- PROBLEM REQUIREMENTS: At the line containing "9 product information", begin an exact copy, and continue through the last line of the entries below. Leave out any pictures.

-.-.-

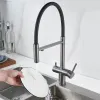 Смеситель для кухни Shevanik S178T с подключением фильтра питьевой воды, оружейная сталь
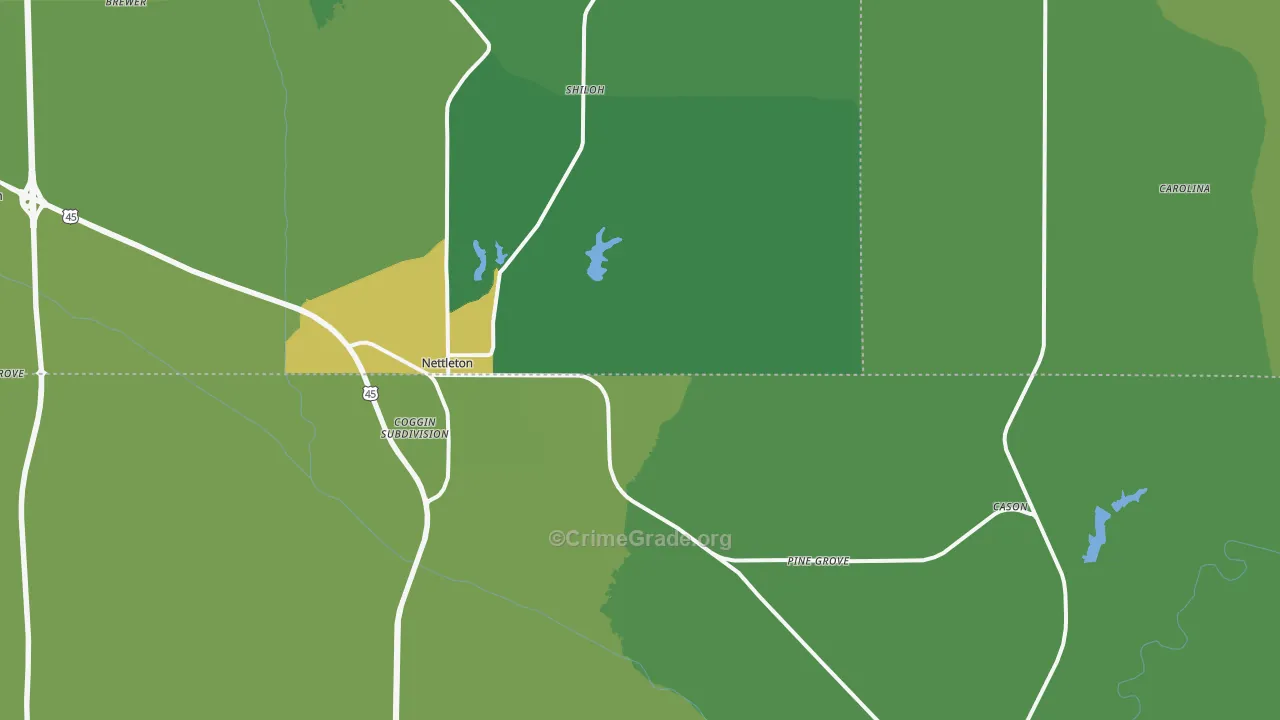 Nettleton, MS Map of Vehicle Theft Rates
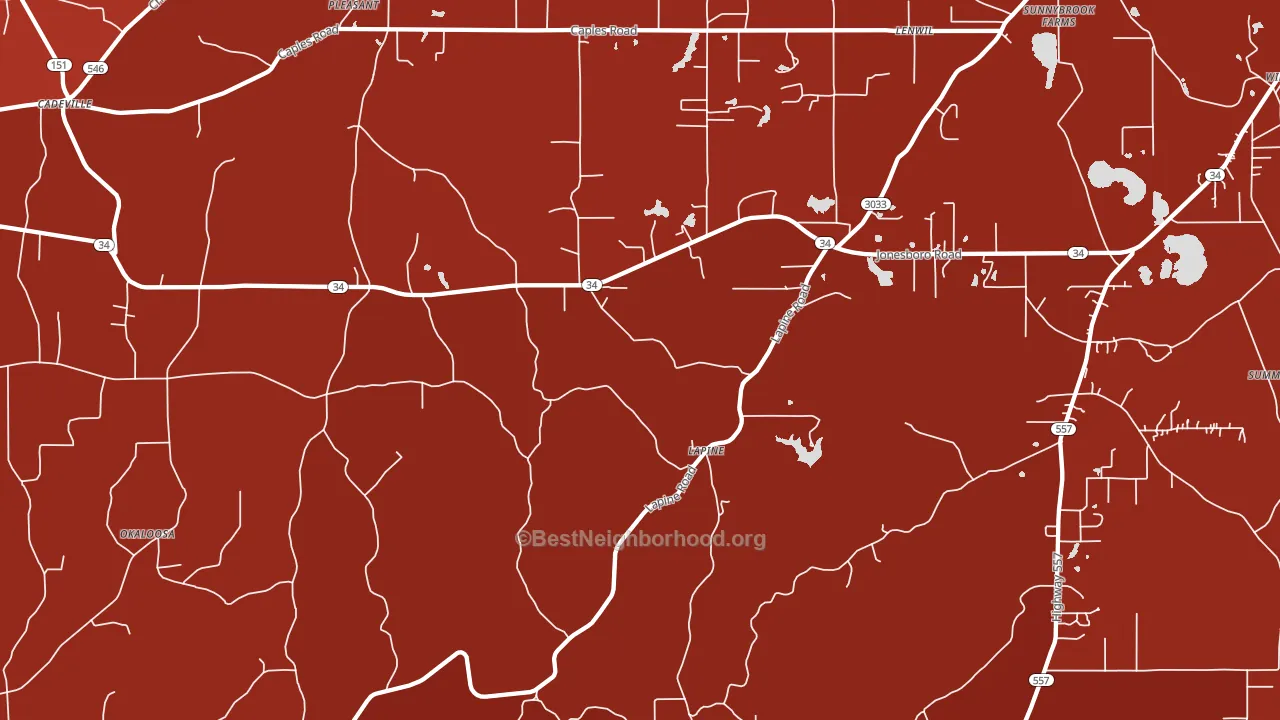 Lapine, LA block-group political-lean map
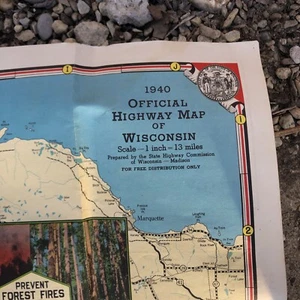 1940 Wisconsin Map north woods Pre WWII WI vintage - Picture 1 of 24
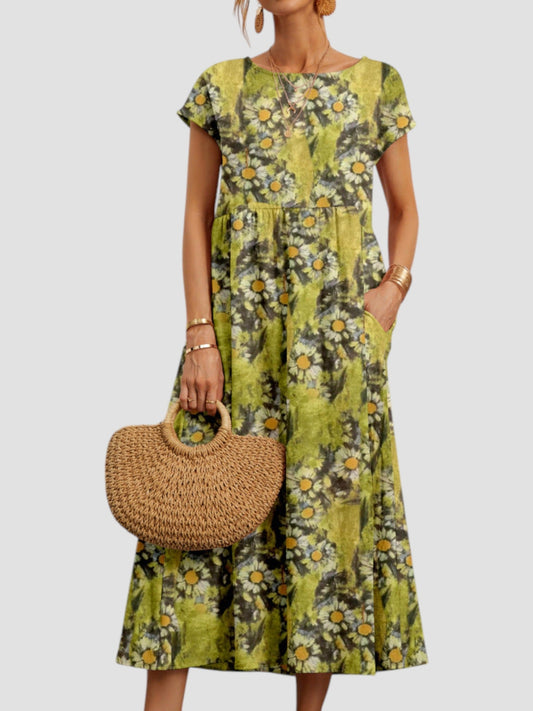 Damen Kleid | Blumenmuster Kurzarm Midi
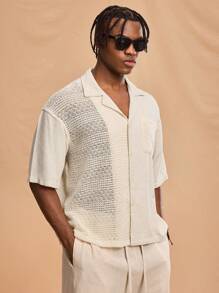 Forever 21 Men Solid Shirt, Boho , Vacation , Plain - Apricot - View 4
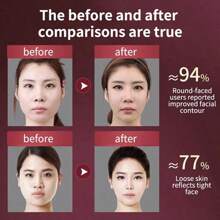 5种模式12档强度面部按摩器，振动提拉加热双下巴V字形按摩器，智能紧肤仪，理想的女性节日礼物 - 彩色 - 查看 9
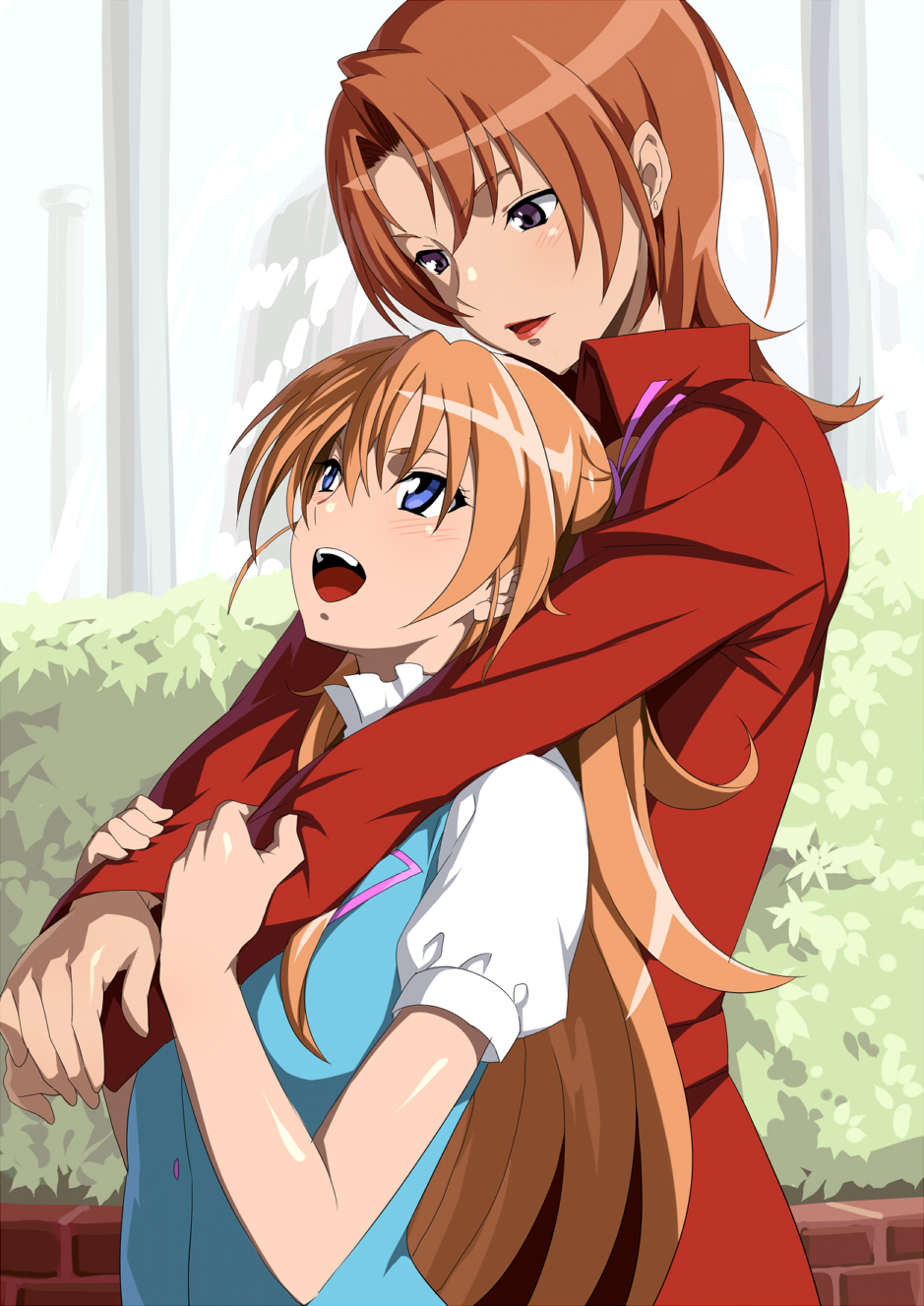 10s, 2girls, age_difference, blue_eyes, blush, brown_hair, family_bonding, hair_ribbon, highres, houjou_hibiki, houjou_maria, hug, hug_from_behind, long_hair, mother_and_child, mother_and_daughter, multiple_girls, open_mouth, orange_hair, parent_and_child, precure, purple_eyes, ribbon, school_uniform, shin'ya_(shin'yanchi), short_hair, suite_precure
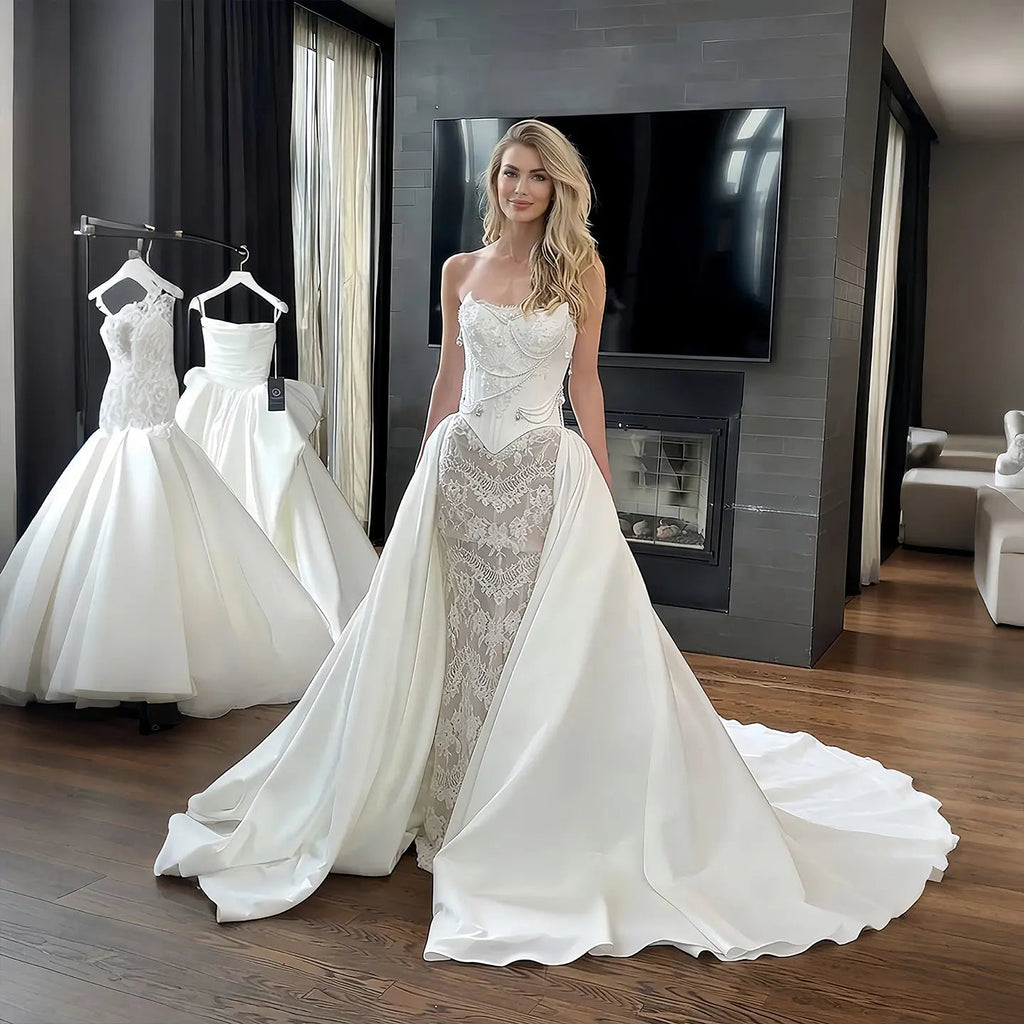 Elegant Ivory Strapless Beaded Corset Lace Mermaid Wedding Dress with Overskirt SW218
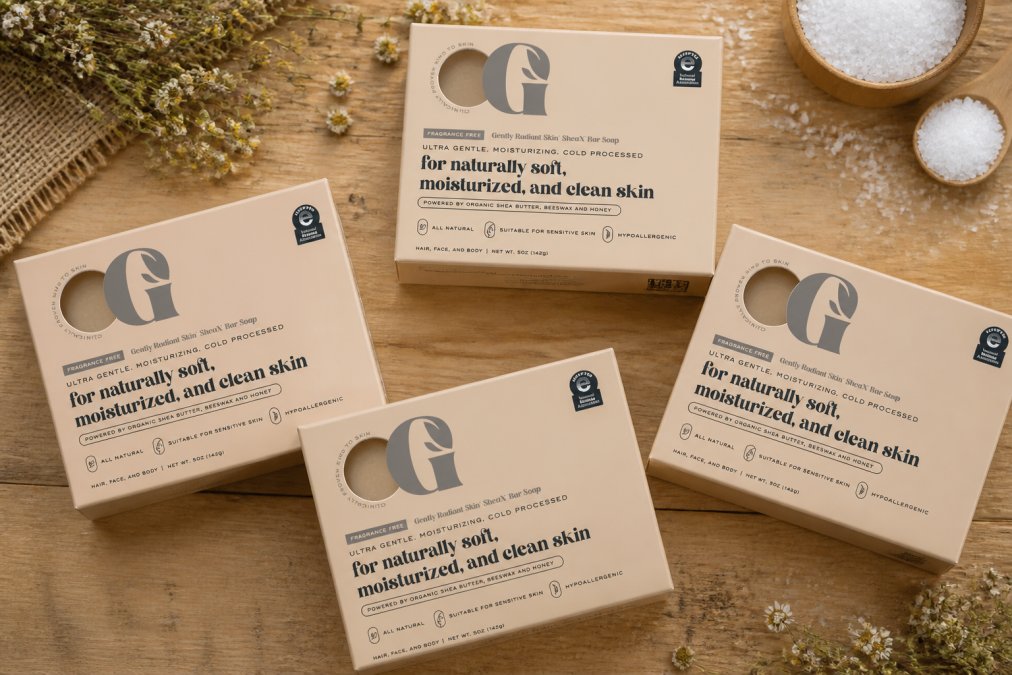 Professional illustration showing Flat, SheaX for non-toxic soap for face
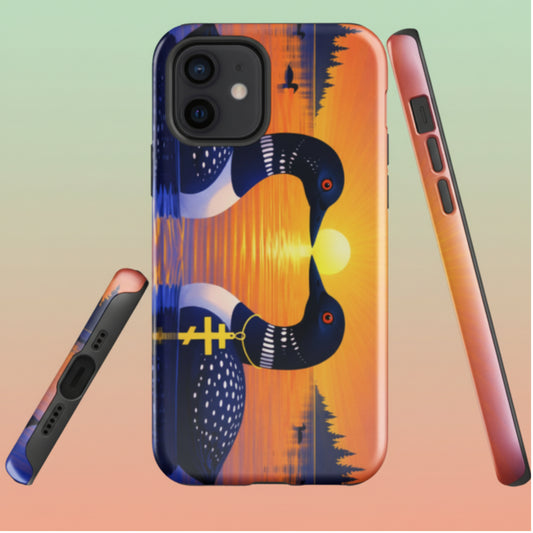 Two symbolic loons on a bird aesthetic phone case, representing the two main characters with distinctive features in a nature-inspired romantic design. image shows front view plus side and bottom view of cover.
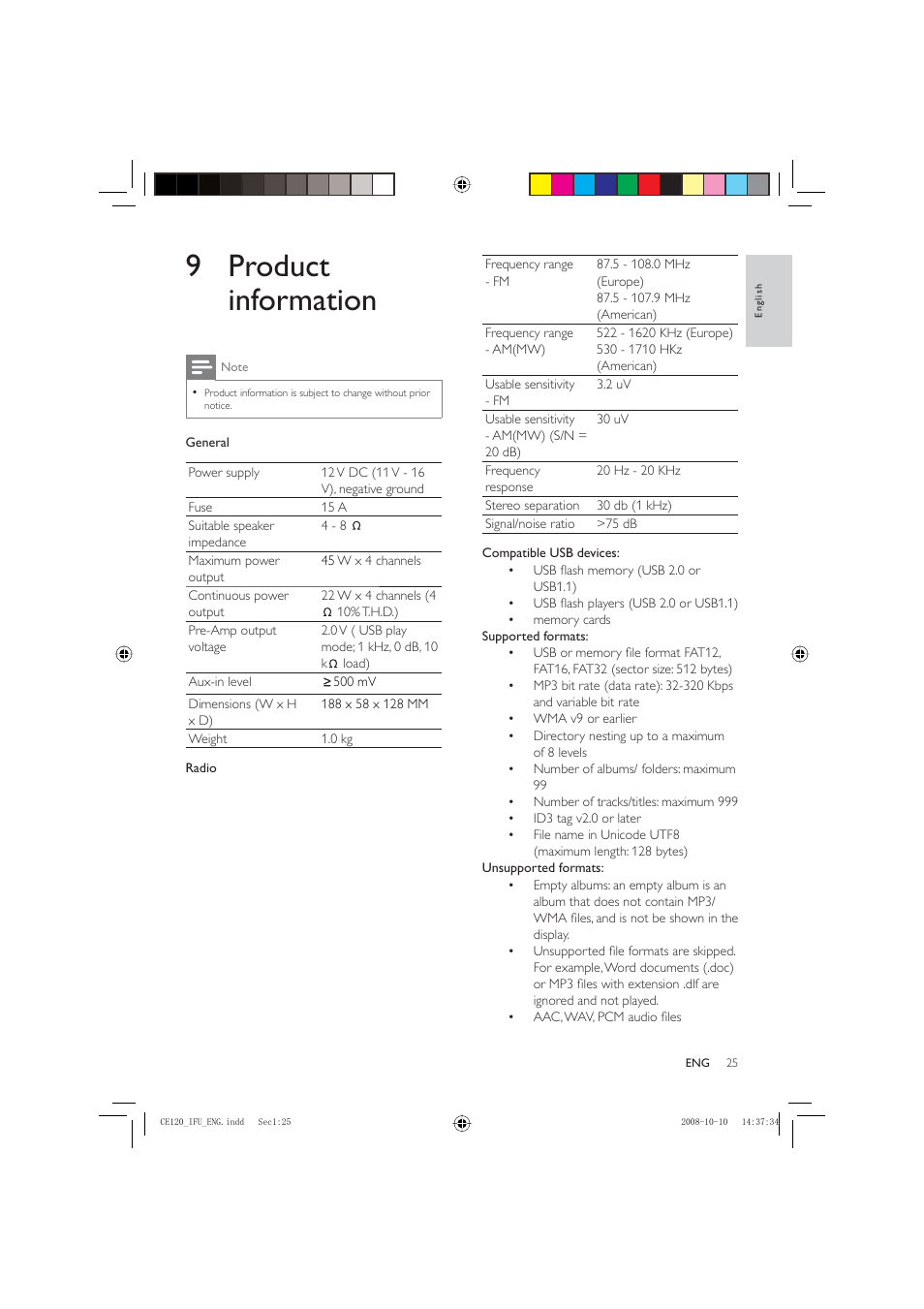 9 product information | Philips CAR ENTERTAINMENT SYSTEM CE120 User Manual | Page 25 / 30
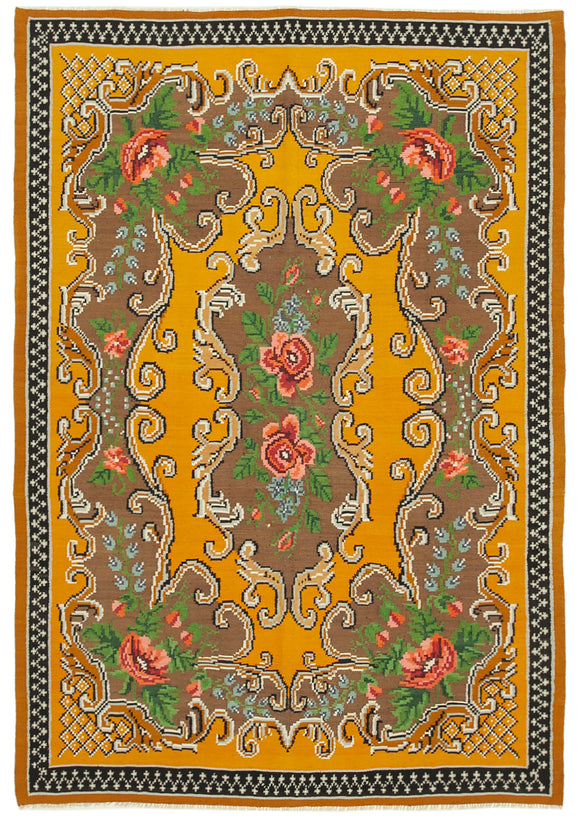 6x9 Yellow Vintage Moldovan Kilim Rug - 23396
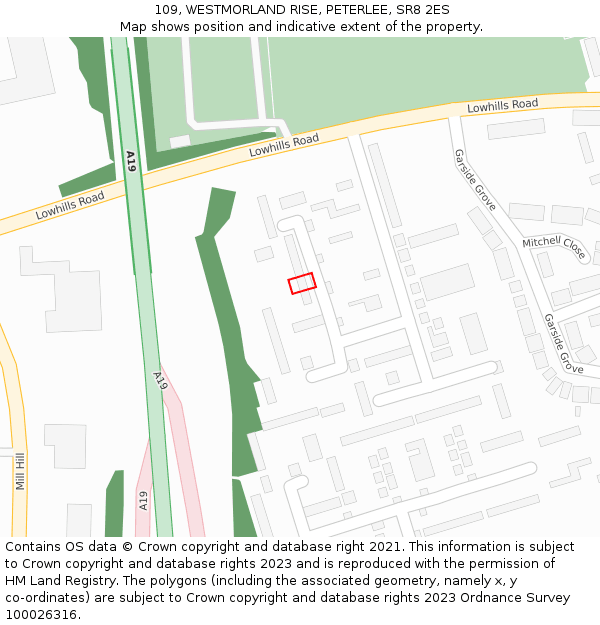 109, WESTMORLAND RISE, PETERLEE, SR8 2ES: Location map and indicative extent of plot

-.-.-

- WRITTEN SOLUTION:
 9 product information | Philips CAR ENTERTAINMENT SYSTEM CE120 User Manual | Page 25 / 30
 6x9 Yellow Vintage Moldovan Kilim Rug - 23396
 109, WESTMORLAND RISE, PETERLEE, SR8 2ES: Location map and indicative extent of plot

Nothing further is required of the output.